Definitely going to give that a try. I have a small propane wok on the patio I have been experimenting with. Completely fascinated with Asian cooking and how different the preparation is versus a Euro/Mediterranean/Caribbean I am use to cooking with.


----------



## Surffshr

I’ve been known to go home immediately upon landing a flounder due drooling followed closely by an intense hunger. 

Oh and ceviche is best with just legal specks, caught at first light somewhere along the beach, filleted/rinsed in saltwater, placed carefully in a prepped ziplock container on ice in your beer cooler, then “discovered” about 8 hrs later As the beach/beer hunger kicks into overdrive.


----------



## CedarCreek

What’s funny is my wife is Asian but I do all the Asian cooking. She handles the steaks, spaghetti, and everything else. 
Forgot a detail—when you soak the fish in salt water it should be in the refrigerator or ice so that it gets cold. Otherwise, cornstarch won’t stick to the fish.


----------



## bonehead

I am all about catch and release, but every once in a while I'll bring a couple trout or snapper home. My all time favorite, stoopid simple recipe is broiling the fillet in a pan with a little butter and some shredded cheese. Then a little salt (your preference) and that's it. Nothing fancy, time-consuming, etc. 
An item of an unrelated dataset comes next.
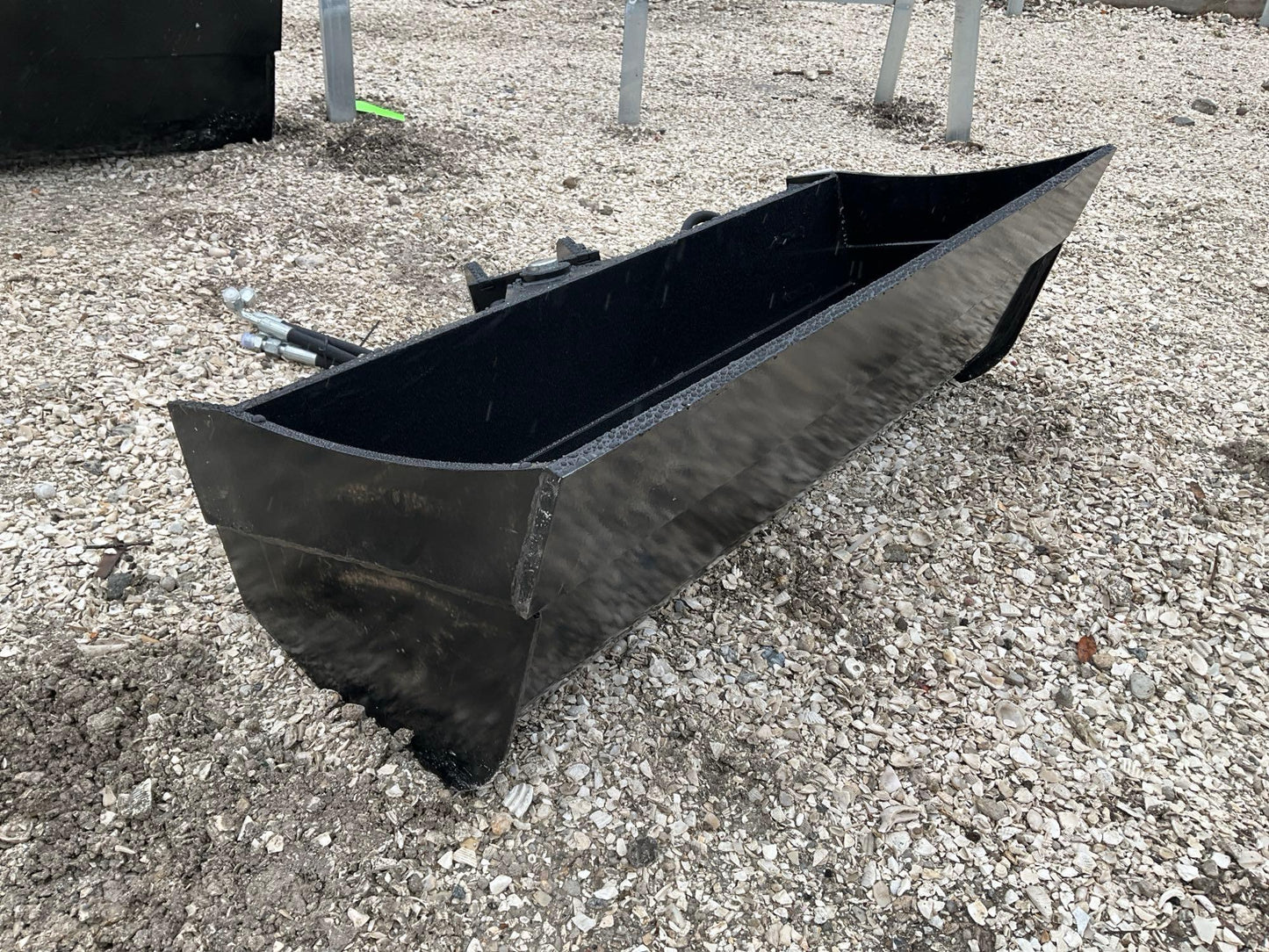 ( 1 ) 2024 UNUSED VICSEC TITLING BUCKET ATTACHMENT FOR EXCAVATOR, APPROX 32in 23379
Nothing quite like bringing home fish that you caught with your own hand-tied flies...


----------



## LowHydrogen

In no particular order..
Oysters- prefer raw, but if there's been a lot of rain and they're not salty enough for me I'll get em steamed with Parmesan and Greek seasoning 
Grouper-fried or grilled
Flounder-baked
Redfish-fried
Trout-fried
Amberjack-grilled or smoked
Mahi-grilled
Mullet-fried, ground into fishcake, or smoked and glazed with tupelo honey reduced with butter
Mullet roe(red)-scrambled in eggs or smoked
Shrimp-fried-grilled-boiled-sauteed


----------



## fishicaltherapist

You're supposed to cook 'em ??!?!?


----------



## yobata

LowHydrogen said:


> In no particular order..
> Oysters- prefer raw, but if there's been a lot of rain and they're not salty enough for me I'll get em steamed with Parmesan and Greek seasoning
> Grouper-fried or grilled
> Flounder-baked
> Redfish-fried
> Trout-fried
> Amberjack-grilled or smoked
> Mahi-grilled
> Mullet-fried, ground into fishcake, or smoked and glazed with tupelo honey reduced with butter
> Mullet roe(red)-scrambled in eggs or smoked
> Shrimp-fried-grilled-boiled-sauteed


For the oysters, what is Greek seasoning?
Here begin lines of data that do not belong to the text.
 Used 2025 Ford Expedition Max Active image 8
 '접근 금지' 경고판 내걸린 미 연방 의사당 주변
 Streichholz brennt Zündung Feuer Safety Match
Also, I've never had mullet, but that egg/roe dish sounds pretty good!!


----------



## LowHydrogen

yobata said:


> For the oysters, what is Greek seasoning?
> 
> Also, I've never had mullet, but that egg/roe dish sounds pretty good!!


Cavenders is my go-to.








Never had mullet?!
Don't get mullet that have recently been in fresh water, they taste like mud/grass. As for red roe you get it in females in Dec/Jan, not everyone likes it but I grew up eating it. Not as many guys do it now since they have to throw cast nets, but you can still find guys to buy from.


----------



## Brett

Oily fish fillets get simmered in whatever marinara style sauce I have available
until it flakes into tiny bits and spreads throughout the sauce.
Pour over a pile of pasta and add some fresh garlic bread on the side.

Thin white fillets get sauteed with lemon pepper seasoning in an omelette pan with a dab of butter.

For a family gathering, 5 to 10 lbs of mahi, grouper, snapper or sheepshead
get sliced into half inch thick chunks, then soaked in an egg wash.
The wash is made from 1 cup milk and 1 raw egg whipped to an even consistency.
2 cups of baking flour are poured into a 1 gallon plastic baggie
along with a teaspoon of salt and another of black pepper.
As the fish chunks come out of the wash, they are dropped into the flour baggie
and shaken until evenly coated, then dropped into the deep fryer
until they float to the top and are browned to an even crunch.
Remove from fryer and set on a platter atop some paper towels
to absorb excess oil and to cool for a couple minutes.
More egg wash or flour mix is made as needed during the cooking.
Picked from the platter and splashed with Crystal Louisiana hot sauce
the clan will eat and talk and eat until all the fish is gone.


----------



## RunningOnEmpty

I'm on a grilling streak lately after discovering a new cajun all in one seasoning. 
http://www.weberseasonings.com/product/norleans-cajun-seasoning


----------



## Guest

For frying fish, here’s the recipe I’ve used for years:

Serves 8-10

3 pounds fish
3 cups milk
1 egg
2 tablespoons Zatarain’s Creole mustard
2 tablespoons Tabasco
3 cups yellow cornmeal
2 teaspoons ground white pepper
2 teaspoons garlic powder
Peanut or vegetable oil

Cut fish into fillets about 3/4 inch thick. Set aside. Mix milk, egg, mustard, and Tabasco together in bowl. Set aside.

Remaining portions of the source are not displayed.